A Sense of the Gift
Yesterday I said that Christmas begins with the sense of a Giver. That, of course, is not all there is to say about this over-burdened holiday. But its not a bad place to begin. To begin what, you ask? To begin to disentangle Christmas, as best we can, from the grappling hooks of culture and history.
So, begin with the Giver. The Father of Lights. The Giver of all good things. The Master Potter, the Creator, the One who spoke all things into being and said, at the end of His labors, that it was good.
And then to the Giver's gift! It is not at all like other gifts. It is no ordinary thing, chosen from a shelf in a store from among a thousand others just the same, then wrapped up in fetching paper and tied with a grandiose bow. Such a gift would not befit the Giver. No, in this case the gift is extravagant, but comes in a plain wrapper. Not merely plain, so seems this gift, not merely humble, but even--in the old sense of the word--mean. Nothing at all, really. Easily shoved aside in preference to larger, grander packages under the tree.

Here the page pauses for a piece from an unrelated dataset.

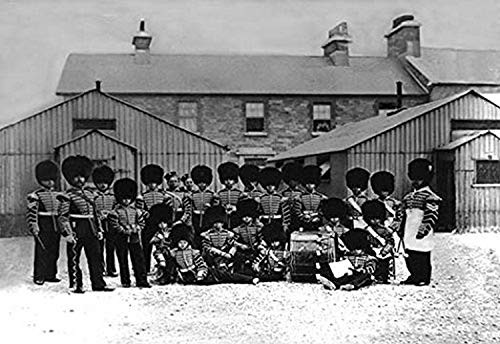 Buyenlarge Irish Soldiers - 16" X 24" Fine Art Giclee Print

But this gift is from the Giver. Pause here to consider the true nature of His gift. This gift was the Word, the logos, the very wisdom of God enfleshed; it was with God from the beginning, and it was God. In this Gift was life, and that life was the light of men. The true light, incomprehensible, the light that shines in darkness, and that no darkness can encompass.

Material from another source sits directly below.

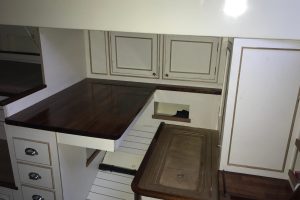 interior, Herreshoff 58, sailboat for sale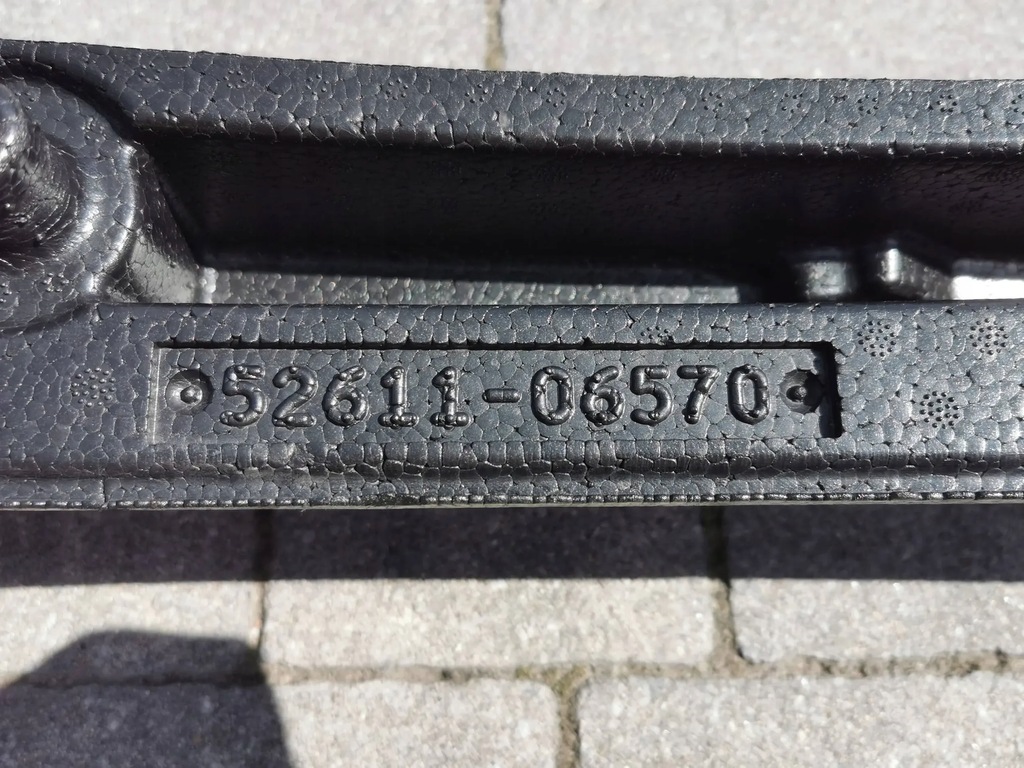 фото №14, Абсорбер, пена бампера передний toyota camry 2.270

A grand gift, no? But see, its only a baby, you say. Born into what we would surely call poverty these days. And in a barn, no less. A helpless baby, vulnerable, conceived in a troubled land to care-worn parents. This? This was the gift? This child the logos of God, dwelling among us in the very shape and substance of mortality?
Years later, Paul, a follower of the Way, speaking of this same Gift, this baby, would write that, "Though He was in very nature God," He did not grasp or cling to godliness, but made Himself nothing! And being found in the appearance of a baby in the womb of a girl, He continued to humble Himself, to subject himself to the confines of time and mortality, here in the world of men, and to walk the walk of a man, even unto a humiliating and seemingly senseless death.

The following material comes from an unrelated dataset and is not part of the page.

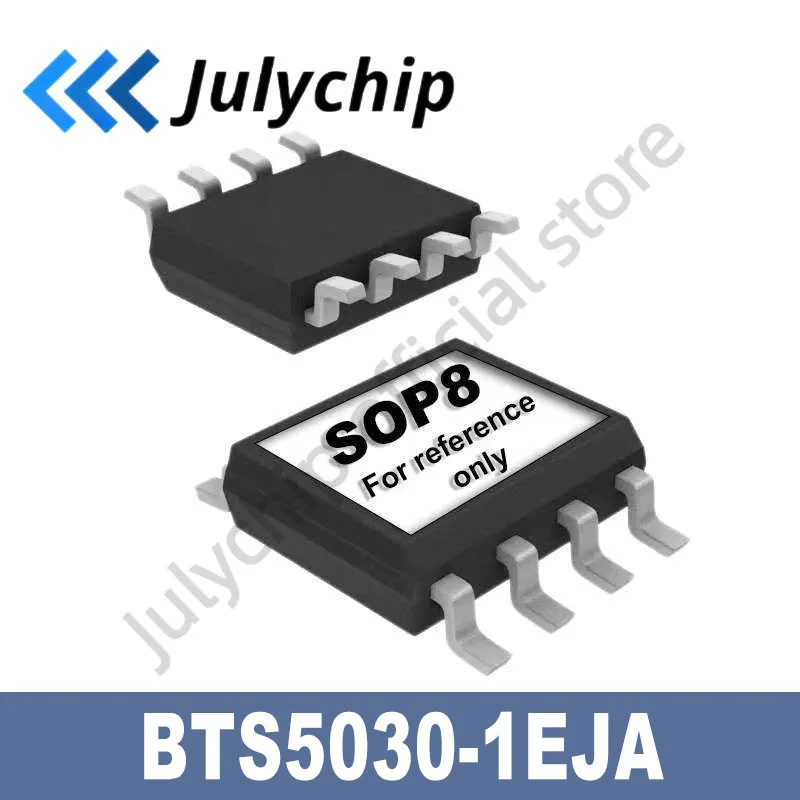 

BTS5030-1EJA NEW ORIGINAL Power Switch/Driver 1:1 N-Channel 5A PG-DSO-8-43-EP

However you and yours might celebrate Christmas, if you too are a follower of the Way, this is what you celebrate. John, one of the first such followers, said simply, "We beheld His glory." Angels abounded at the scene of His birth. The Eternal had entered into time, for the purpose of retrieving the lost. God's great plan to save His creation was coming to pass at last. In a barn. In David's town, Bethlehem.
And the darkness could not comprehend it.